Anderston Footbridge[edit]

The Anderston Pedestrian Footbridge, looking east, shown following its completion in 2013, with the Anderston Centre tower blocks, Glasgow Marriott and the Argyle Building in the background

The Anderston Footbridge, 600 m (660 yd) south of the Charing Cross Podium, was originally planned as the main pedestrian connection between the new housing estates on the western side of the motorway to the Anderston Cross Commercial Centre but the size of the latter development was scaled back in size – meaning that the bridge terminated in mid-air above the vacant land, which was eventually built upon in 1981 when a Holiday Inn hotel (nowadays the Glasgow Marriott) was constructed on the site.

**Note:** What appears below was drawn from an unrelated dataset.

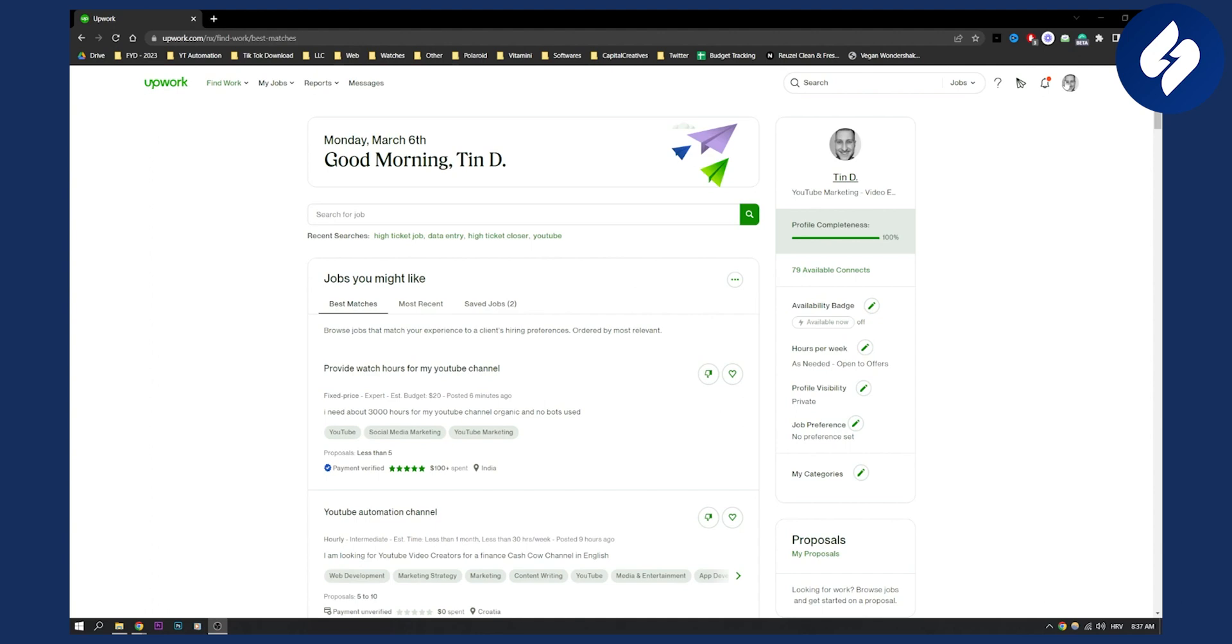First of all, make sure you're logged in with your freelancer profile, because this is something you can only do on freelancer profiles.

Architect's model from the 1960s of the uncompleted section of the Anderston Centre and the M8 Motorway showing the intended course of the bridge. The red circle shows where the bridge construction was abandoned. The present day Marriott and Hilton hotels now stand on this site.

As a highly visible structure, it assumed the title of 'Bridge to Nowhere' from the Charing Cross Podium after that was built on and lost its bridge-like appearance.

A proposal by charity Sustrans, under their national Connect2 programme, aimed to finish the construction, as well as connecting the bridge with a second one over the Clydeside Expressway. This should increase pedestrian and cycle access to central Glasgow on a route between Kelvingrove Park and the city centre. Sustrans won the funding in September 2011 – work to finally complete the bridge began in 2012 and was completed by July 2013.[3][1]

The third bridge[edit]

Glasgow gained a third "Bridge to Nowhere" in 2008 on a street a few hundred metres to the east of the Anderston Footbridge. The former Albany Hotel was demolished leaving the pedestrian bridge, connecting it to the adjacent Anderston Centre, terminating in mid air over Bishop Lane at the end of Waterloo Street. The hotel was controversially razed[4] in preparation for a new complex called Bothwell Plaza. The hotel development received planning permission in 2009[5] but remained unbuilt until 2016, when it was reimagined as an office complex called Bothwell Exchange. The remains of bridge were removed in 2017 when construction on this scheme started.


  1. ^ a b "Glasgow's 'Bridge to Nowhere' finally completed". BBC News. 7 July 2013.
  2. ^ Williamson; Riches; Higgs (1990). Glasgow. Yale University Press. p. 214. ISBN 9780300096743.
  3. ^ Stewart-Robertson, Tristan (1 September 2011). "Exclusive: M8 'Bridge To Nowhere' To Be Finished". The Glaswegian. Archived from the original on 30 March 2012. Retrieved 22 February 2017.
  4. ^ "The end for 'The Albany' as 150 face axe at city hotel". Evening Times. 17 January 2007. Retrieved 22 February 2017.
  5. ^ "Bothwell Plaza rises again". Urban Realm. 10 February 2009. Retrieved 22 February 2017.